#### Material shown

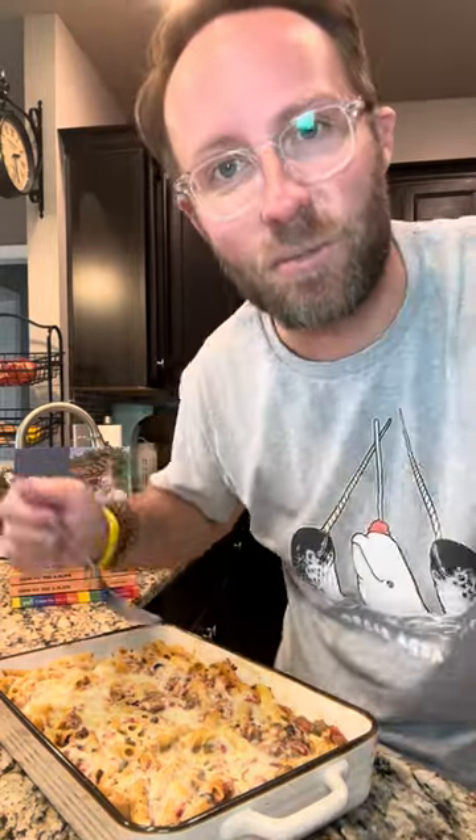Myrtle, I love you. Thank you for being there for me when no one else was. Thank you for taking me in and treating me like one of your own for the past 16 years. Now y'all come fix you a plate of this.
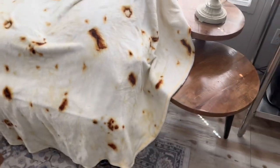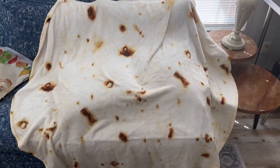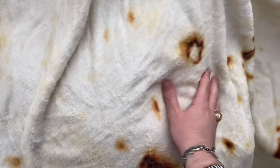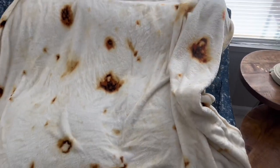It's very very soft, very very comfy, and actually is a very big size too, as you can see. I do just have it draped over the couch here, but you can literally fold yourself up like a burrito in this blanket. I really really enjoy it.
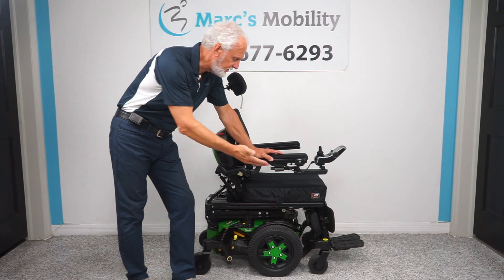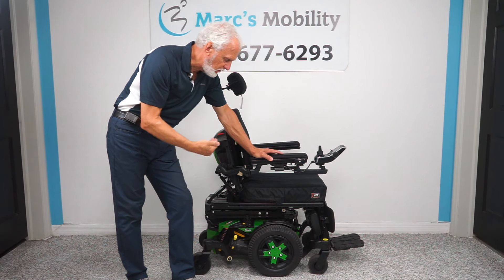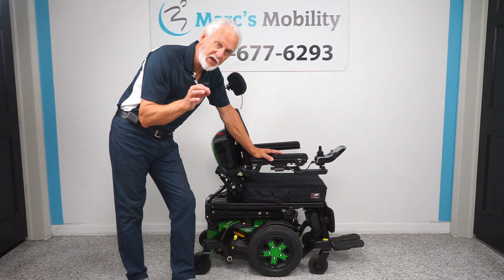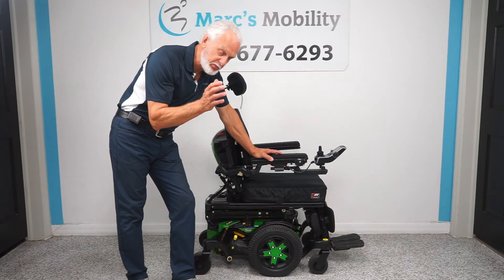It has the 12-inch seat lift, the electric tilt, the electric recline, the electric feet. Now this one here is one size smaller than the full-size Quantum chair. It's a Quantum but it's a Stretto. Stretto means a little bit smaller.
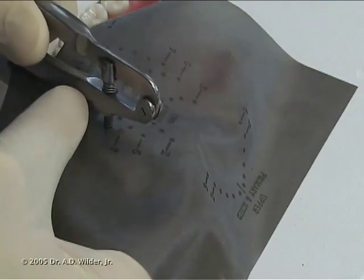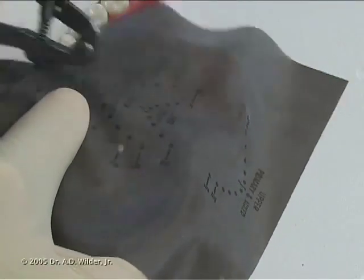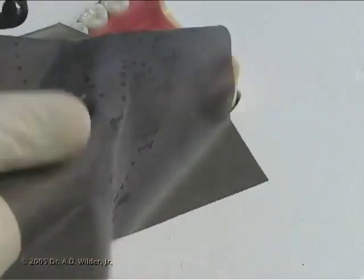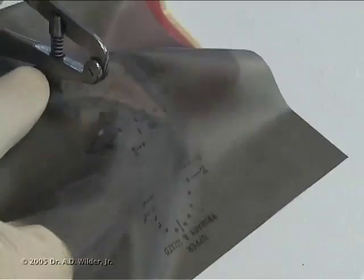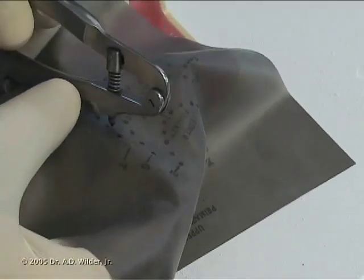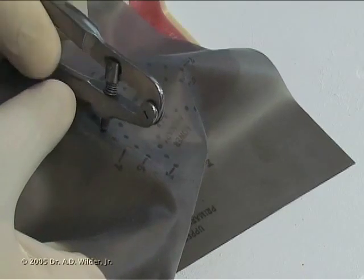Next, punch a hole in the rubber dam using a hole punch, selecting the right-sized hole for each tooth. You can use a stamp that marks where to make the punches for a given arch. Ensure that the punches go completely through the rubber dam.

---

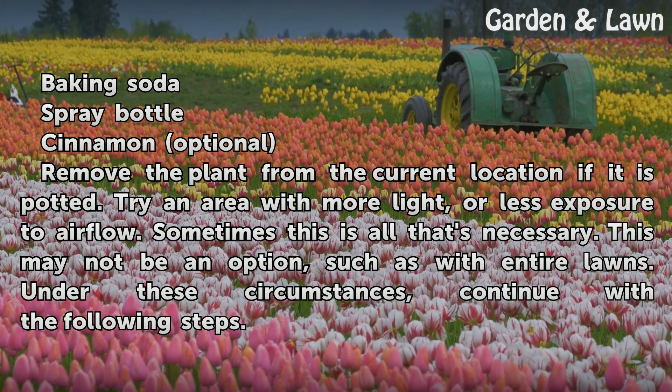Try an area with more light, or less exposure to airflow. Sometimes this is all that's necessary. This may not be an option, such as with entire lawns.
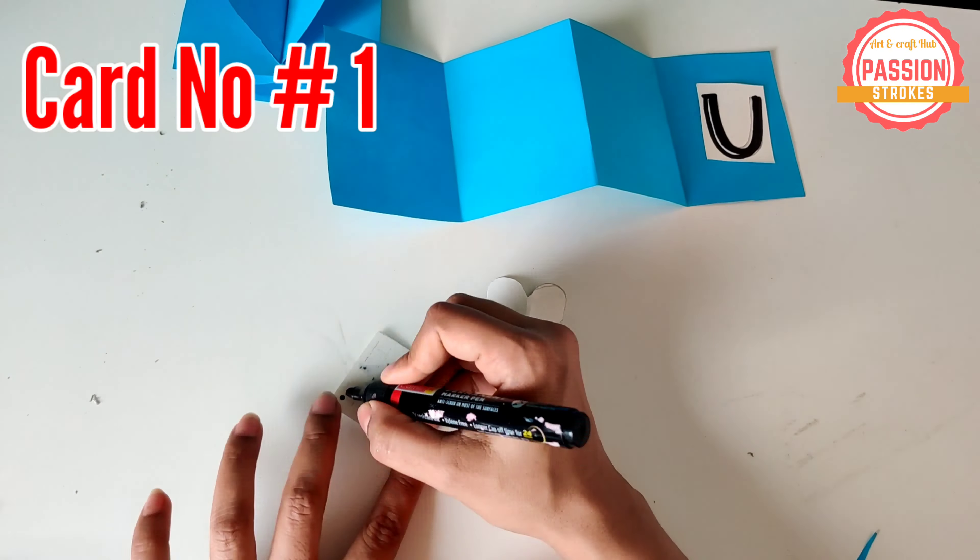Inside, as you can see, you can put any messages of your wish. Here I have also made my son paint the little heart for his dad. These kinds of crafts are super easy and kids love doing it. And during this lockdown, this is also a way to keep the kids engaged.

#### Task objective
Go to the line above holding "Myrtle, I love", then copy exactly each line down to and including the one holding "Next, punch a", leaving pictures out.

#### Completed exercise
Myrtle, I love you. Thank you for being there for me when no one else was. Thank you for taking me in and treating me like one of your own for the past 16 years. Now y'all come fix you a plate of this.
It's very very soft, very very comfy, and actually is a very big size too, as you can see. I do just have it draped over the couch here, but you can literally fold yourself up like a burrito in this blanket. I really really enjoy it.
It has the 12-inch seat lift, the electric tilt, the electric recline, the electric feet. Now this one here is one size smaller than the full-size Quantum chair. It's a Quantum but it's a Stretto. Stretto means a little bit smaller.
Next, punch a hole in the rubber dam using a hole punch, selecting the right-sized hole for each tooth. You can use a stamp that marks where to make the punches for a given arch. Ensure that the punches go completely through the rubber dam.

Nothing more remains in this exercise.